You need to be clear what you mean by "diagonalize". The metric is an invertible symmetric matrix, so it can always be diagonalized algebraically; in fact, it can be brough to a standard form where the diagonal entries are $\pm 1$. But the resulting basis will not, in general, be a coordinate basis.

What I've discussed in my post above is a more restrictive question: Can I diagonalize the metric by coordinate transformations? Then the resulting basis is still a coordinate basis. Obviously for dimensions greater than 3, this cannot be done, because the metric has a greater number of degrees of freedom than it has diagonal entries. The surprising part is that in dimensions 3 or less, the answer is yes.

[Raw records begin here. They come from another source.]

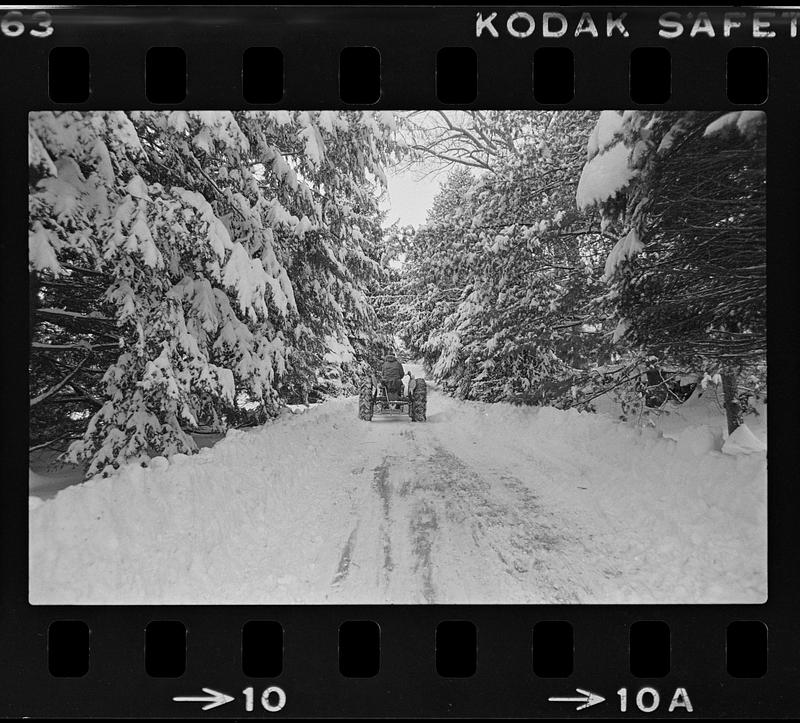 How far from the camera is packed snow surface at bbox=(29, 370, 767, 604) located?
2250 millimetres

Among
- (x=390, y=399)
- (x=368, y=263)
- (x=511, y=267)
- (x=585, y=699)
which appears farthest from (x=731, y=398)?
(x=368, y=263)

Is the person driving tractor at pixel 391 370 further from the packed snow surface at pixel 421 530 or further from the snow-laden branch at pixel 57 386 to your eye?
the snow-laden branch at pixel 57 386

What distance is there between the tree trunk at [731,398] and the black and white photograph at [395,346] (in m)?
0.02

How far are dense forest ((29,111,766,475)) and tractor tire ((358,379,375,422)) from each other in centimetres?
31

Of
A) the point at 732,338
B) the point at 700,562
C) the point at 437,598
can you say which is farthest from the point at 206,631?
the point at 732,338

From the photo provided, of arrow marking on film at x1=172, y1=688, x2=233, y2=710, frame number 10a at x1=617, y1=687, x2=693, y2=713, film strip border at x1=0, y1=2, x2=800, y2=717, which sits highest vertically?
film strip border at x1=0, y1=2, x2=800, y2=717

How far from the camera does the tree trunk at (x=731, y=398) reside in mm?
2477

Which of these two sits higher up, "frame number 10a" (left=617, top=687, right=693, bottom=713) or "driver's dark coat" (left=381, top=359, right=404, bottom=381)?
"driver's dark coat" (left=381, top=359, right=404, bottom=381)

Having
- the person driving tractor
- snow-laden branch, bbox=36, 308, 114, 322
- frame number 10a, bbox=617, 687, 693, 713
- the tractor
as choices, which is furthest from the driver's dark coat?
frame number 10a, bbox=617, 687, 693, 713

Then, a related question is, in dimensions 4 and higher: I know I cannot diagonalize the metric by coordinate transformations, but can I put it in a standard form? The answer is yes, although I don't know if the standard forms have been worked out in dimensions higher than 4.

All of this is true in an open neighborhood (i.e. coordinate patch), not just at a point.

15. Dec 6, 2016

### stevendaryl

Staff Emeritus
I was talking about coordinate transformations, too. Can't you always find a coordinate system so that the metric in that coordinate basis is diagonal at a single chosen point?

16. Dec 6, 2016

### Ben Niehoff

Yes, of course. You can even make the diagonal entries all $\pm 1$. These are the Riemann normal coordinates.

But I'm talking about things that hold in a finite patch.